What to work on:
Omitting the images, transcribe the records below exactly as they stand.

(Crawled caption data)
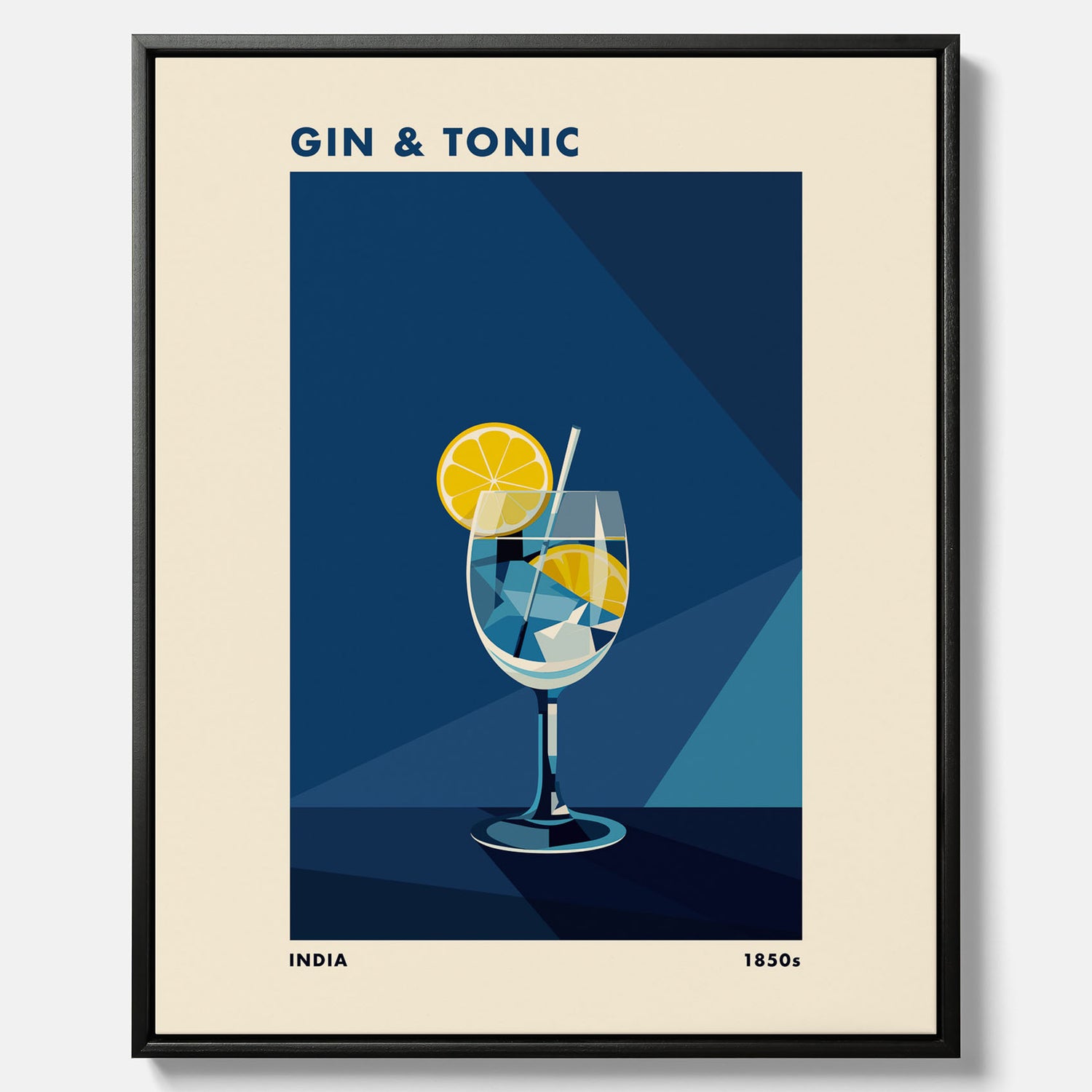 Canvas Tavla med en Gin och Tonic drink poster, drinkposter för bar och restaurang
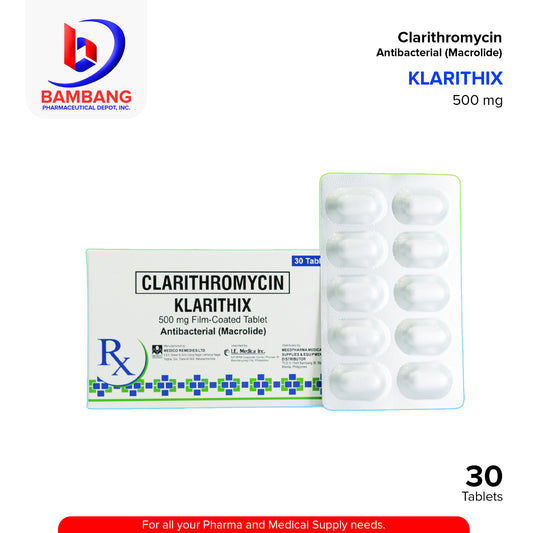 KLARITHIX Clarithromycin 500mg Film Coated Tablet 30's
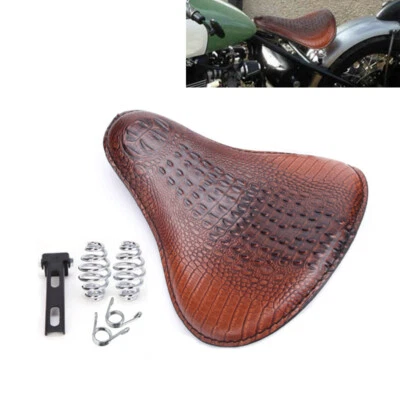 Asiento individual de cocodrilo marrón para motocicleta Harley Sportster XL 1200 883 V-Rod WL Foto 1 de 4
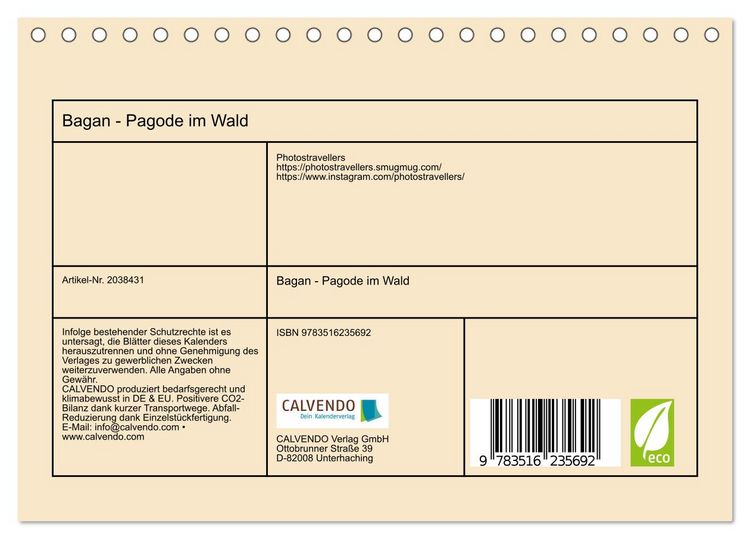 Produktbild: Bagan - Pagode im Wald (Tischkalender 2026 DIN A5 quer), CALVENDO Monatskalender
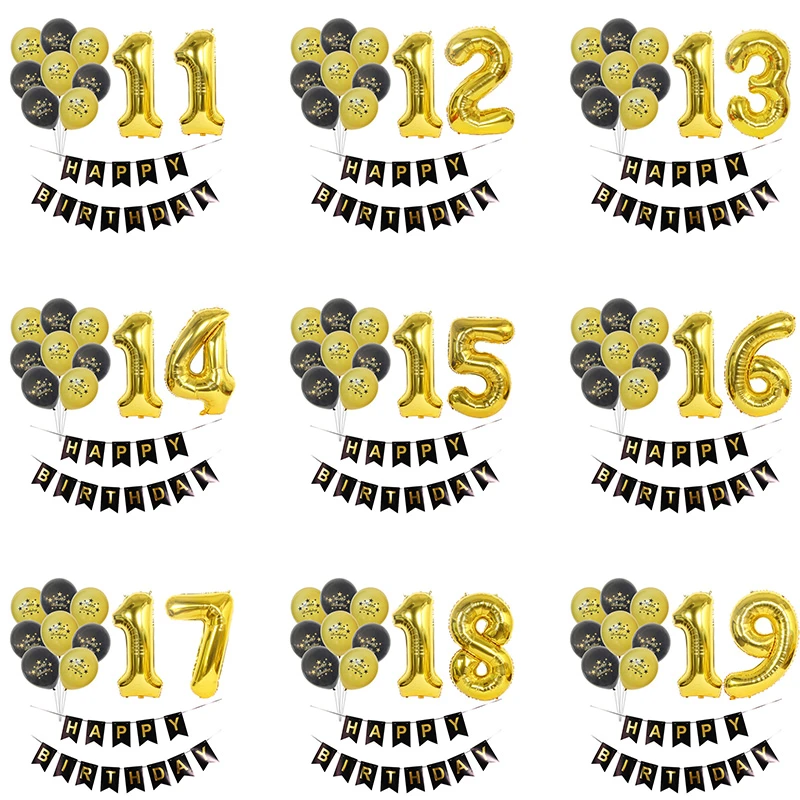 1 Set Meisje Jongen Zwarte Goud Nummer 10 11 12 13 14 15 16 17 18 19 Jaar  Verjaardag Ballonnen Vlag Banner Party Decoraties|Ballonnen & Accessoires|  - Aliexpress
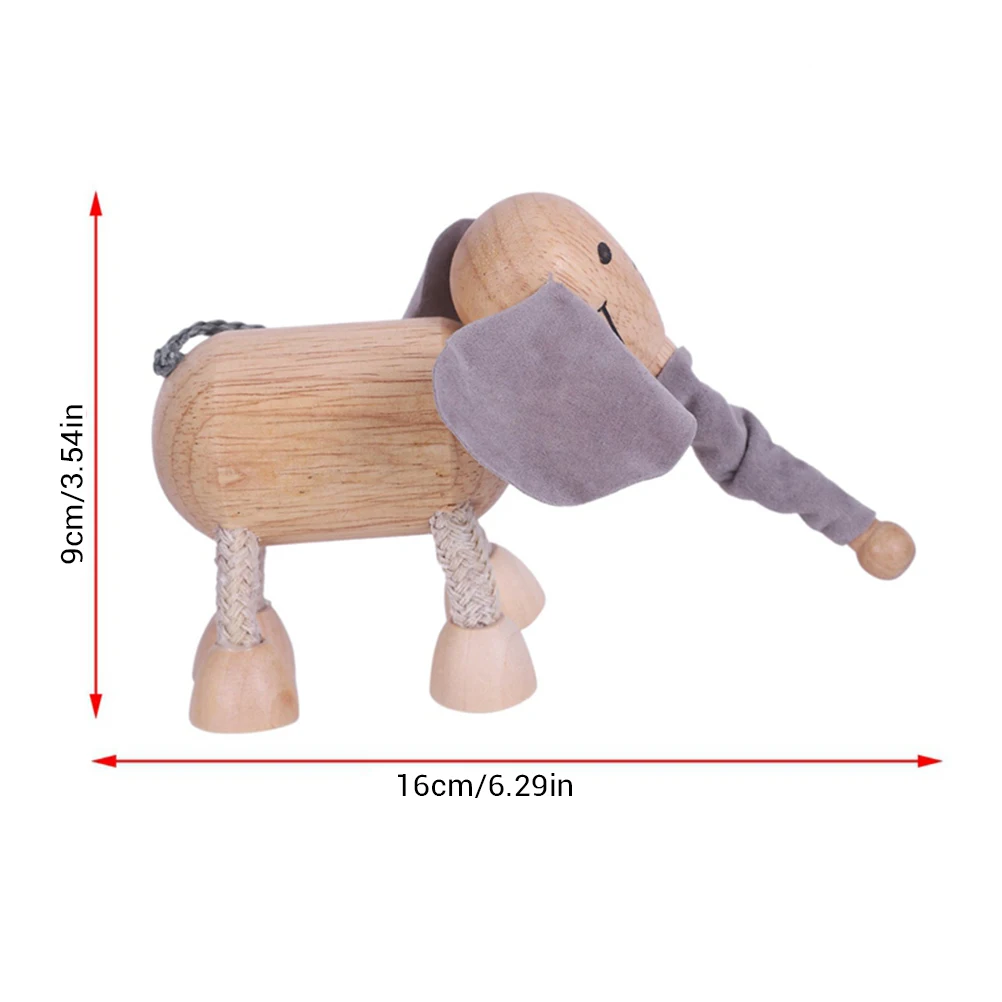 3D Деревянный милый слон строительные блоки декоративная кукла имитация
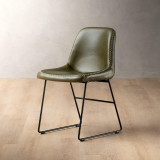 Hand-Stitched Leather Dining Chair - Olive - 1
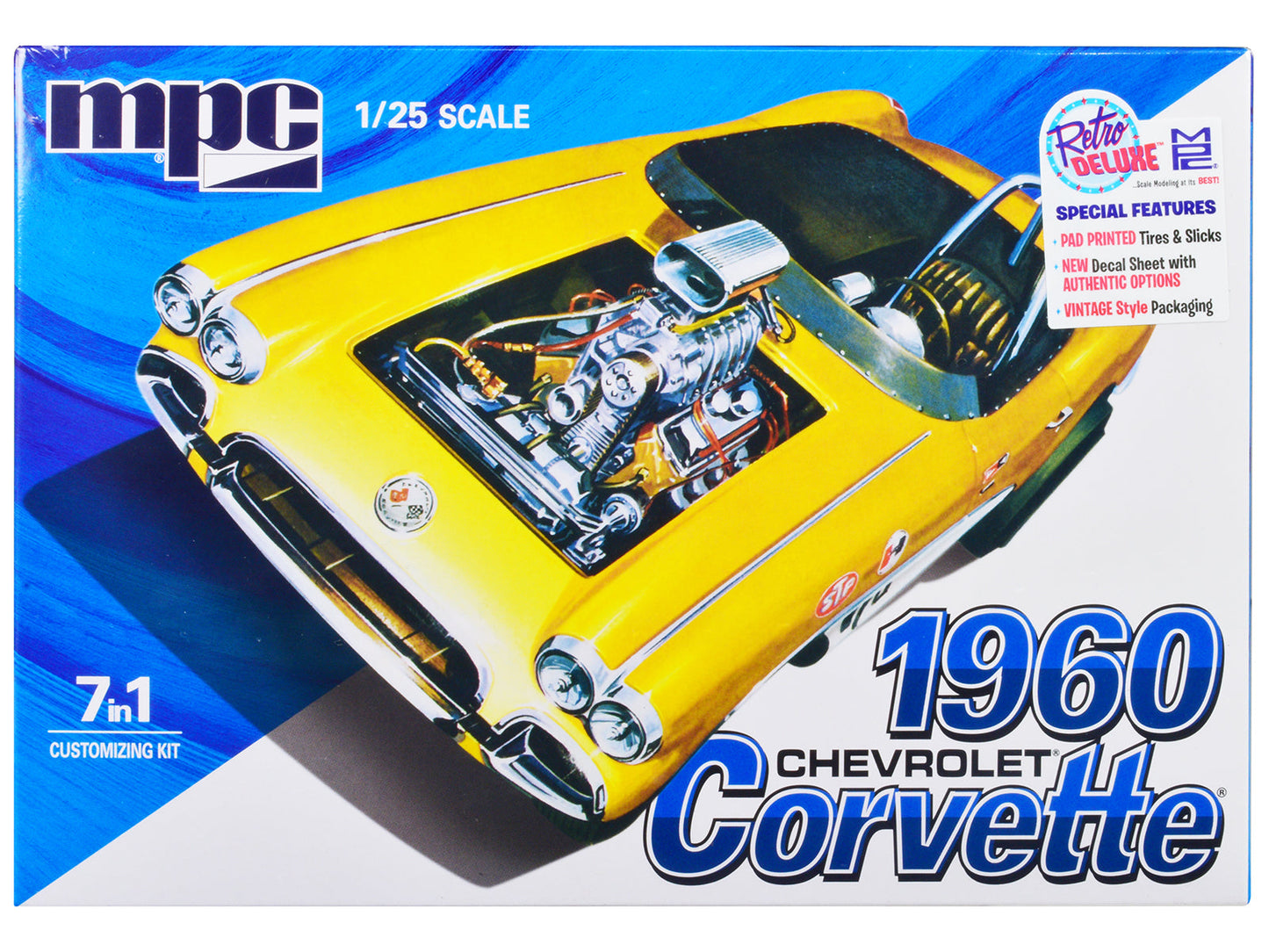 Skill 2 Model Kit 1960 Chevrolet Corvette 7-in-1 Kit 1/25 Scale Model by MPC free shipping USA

Expected output:
 Canvas Tavla med en Gin och Tonic drink poster, drinkposter för bar och restaurang
 KLARITHIX Clarithromycin 500mg Film Coated Tablet 30's
 Asiento individual de cocodrilo marrón para motocicleta Harley Sportster XL 1200 883 V-Rod WL Foto 1 de 4
 Produktbild: Bagan - Pagode im Wald (Tischkalender 2026 DIN A5 quer), CALVENDO Monatskalender
 1 Set Meisje Jongen Zwarte Goud Nummer 10 11 12 13 14 15 16 17 18 19 Jaar  Verjaardag Ballonnen Vlag Banner Party Decoraties|Ballonnen & Accessoires|  - Aliexpress
 3D Деревянный милый слон строительные блоки декоративная кукла имитация
 Hand-Stitched Leather Dining Chair - Olive - 1
 Skill 2 Model Kit 1960 Chevrolet Corvette 7-in-1 Kit 1/25 Scale Model by MPC free shipping USA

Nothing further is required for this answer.